= Brodrick Haldane =

Scottish photographer (1912–1996)

Brodrick Vernon Chinnery-Haldane (12 July 1912 – 3 February 1996) was a Scottish-born society photographer whom his English contemporary Sir Cecil Beaton allegedly once described as the founder of modern society photography.

==Early life==
Brodrick Haldane was the youngest of four children from one of Scotland's oldest landed families, the Haldanes of Gleneagles. His early years were spent at Alltshellach, the family's home in the Inverness-shire district of Nether Lochaber, where his grandfather had been Bishop of Argyll and the Isles. In 1918, his father inherited a 7000 acre Perthshire estate and became the 26th Laird of Gleneagles.

Having attended Lancing College, Brodrick was well aware that he had not made the best of his scholastic opportunities. Attracted to the stage, he became an extra at Elstree Studios and featured in such early films as Murder in Monte Carlo, starring Errol Flynn, and Two Hearts in Waltz Time.

==Career==
It was the purchase of a Vest Pocket Kodak which changed Haldane's life. Extrovert in nature, although he always claimed to be shy, he persuaded George Bernard Shaw and Margot Asquith, the Countess of Oxford & Asquith, to sit for him. Being well-connected, he gained easy access to the balls and dances of the London Season. Surprisingly, his parents took a lenient view of his new-found vocation. "So long as you don't disgrace the family name," was his father's only advice.

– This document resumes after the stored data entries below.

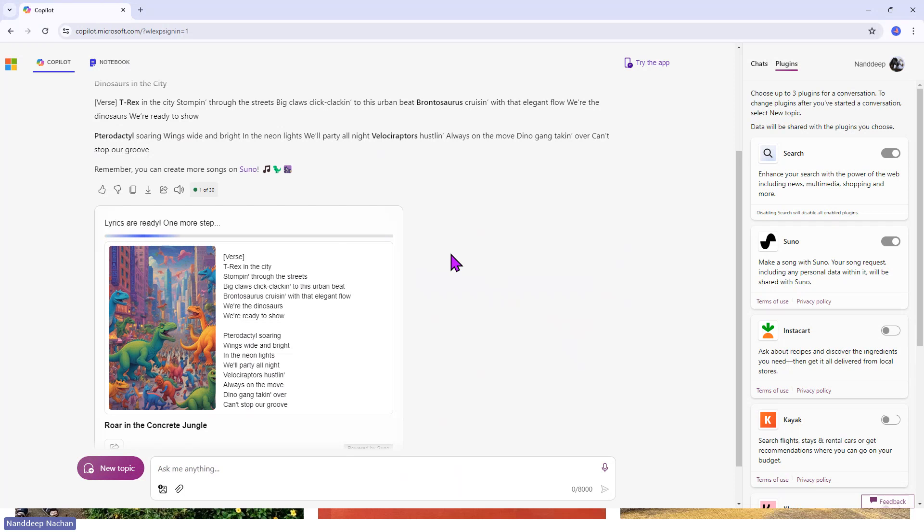but now it is going beyond that. You can see that the lyrics are ready, but it is working on the further step to add good music,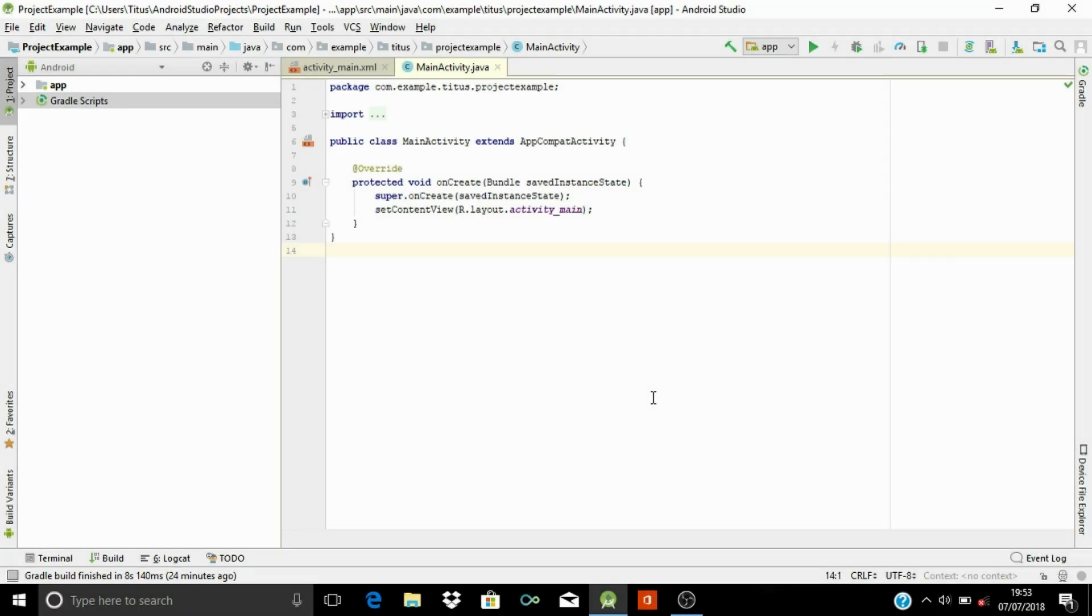Hello guys, today I'm going to be showing you how to permanently delete a project from your Android Studio. Let's take for example that you created a project in your Android Studio and you don't want it anymore.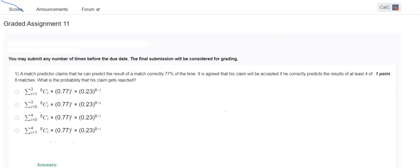Hi all. Today we are going to solve the graded assignment 11 of statistics — Week 11 statistics graded assignment. There are a few questions for us to work through.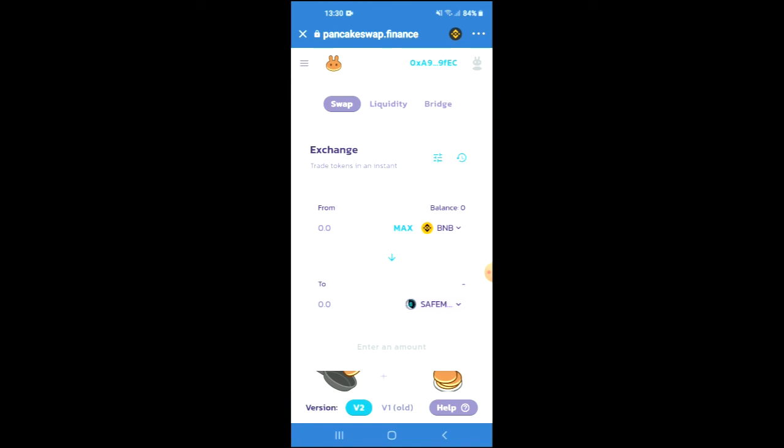From there you'll be able to swap the BNB for the SafeMoon Cash token. Hope you found this video helpful and informative. If you did, be sure to hit the like button and subscribe. Thank you for watching.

Throughout the 1930s, it was fashionable for the wealthy to spend their summers in the South of France and winters in Austria or Switzerland. Every year, the routine would be similar, the same people being found in the same places, and as a consequence, unexpected familiarities were established. When he was rushed to hospital for an appendix operation shortly before the Second World War, one of those who came to visit him was Rose Kennedy, mother of the future American president. One of Brodrick's most striking group portraits is of Rose with her children, including the future President, on holiday.

In Monte Carlo, he hunted down the Duke and Duchess of Windsor at a charity gala, and they invited him to join their table. "They seemed rather lonely," he recalled. " I had photographed the duchess before when she was married to Ernest Simpson, and she recognised me."

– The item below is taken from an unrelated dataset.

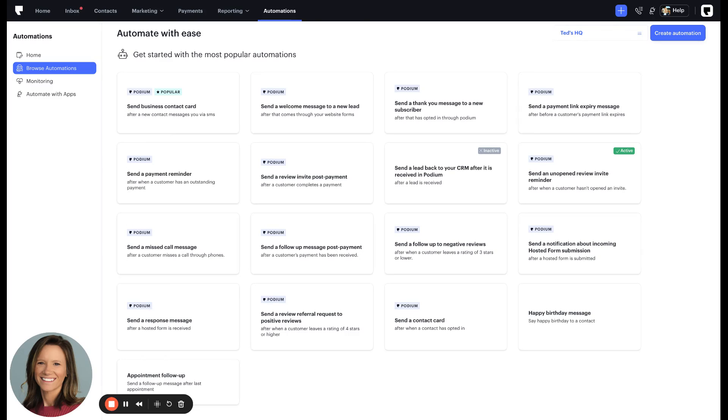Hello there. My name is Katie Green and I work on the product team here at Podium. I'm excited to announce a new release to our automations in Podium.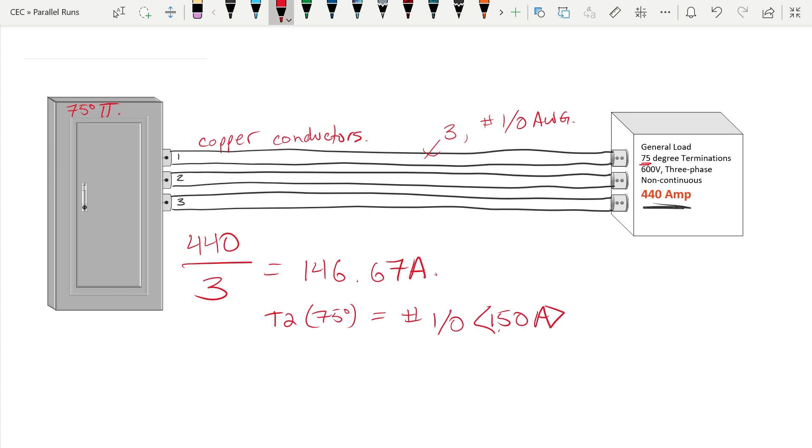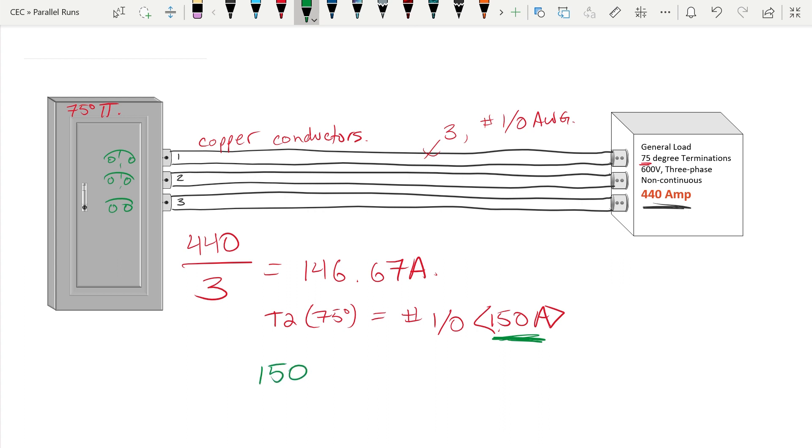Now if we wanted to go ahead and calculate the overcurrent device required, again we are concerned with protecting the conductors that we've run, not the load itself. So to size the overcurrent device, we're going to take now the ampacity of our conductor and multiply it by the number of parallel runs that we have. So in this case, 150 amps times three gives us a required ampacity for our overcurrent device of 450 amps. And if we take that to table 13, we find out that we should be sizing it to a 450 amp overcurrent device.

Serving as a gunner with the 83rd Battery during the war, Haldane was stationed at Chatham. After peace was declared in 1945, he recognised immediately that the glittering social world of between the wars would never be the same again, then a chance encounter with Michael Powell, the film director, led him to two years' work at Pinewood Studios.

This completed, he was invited to stay in Switzerland. with the Countess Chevreau d'Antraigues, daughter of the Scottish shipping tycoon Sir John Latta. She was to become his greatest benefactor and for twenty years her home L'Elysee in Lausanne, became his operational European base. With Queen Victoria Eugenie of Spain, Queen Victoria's granddaughter, living in the house next door, there was a constant coming-and-going between the Royal Houses of Europe. In addition, Charles Chaplin was in tax exile in nearby Vevey, and Noël Coward had bought a villa at Les Avants, where Marlene Dietrich was a regular visitor.

In 1964, Haldane returned to Scotland where his elder brother, Captain Alexander Chinnery-Haldane, had by then become 27th Laird of Gleneagles. Although the two brothers were entirely different in character, there was a strong bond between them. For the remaining thirty years of his life, Haldane lived in great style at 56, India Street in Edinburgh's Georgian New Town while continuing to photograph many of the well-known personalities of Scottish life. Among those who regularly stayed in his home were Margaret, Duchess of Argyll, and her successor as wife of the 11th Duke of Argyll, Mathilda, Duchess of Argyll.

In 1984, Haldane officially opened his Edinburgh flat to the general public and visitors could enjoy a tour for fifty pence. On his drawing room walls he displayed some of the more memorable portraits of the rich and famous, and at the time of his death in 1996 was planning a retrospective exhibition of his life's work.

==Bibliography==
- Time Exposure – Brodrick Haldane in conversation with Roddy Martine. Arcadia.1999.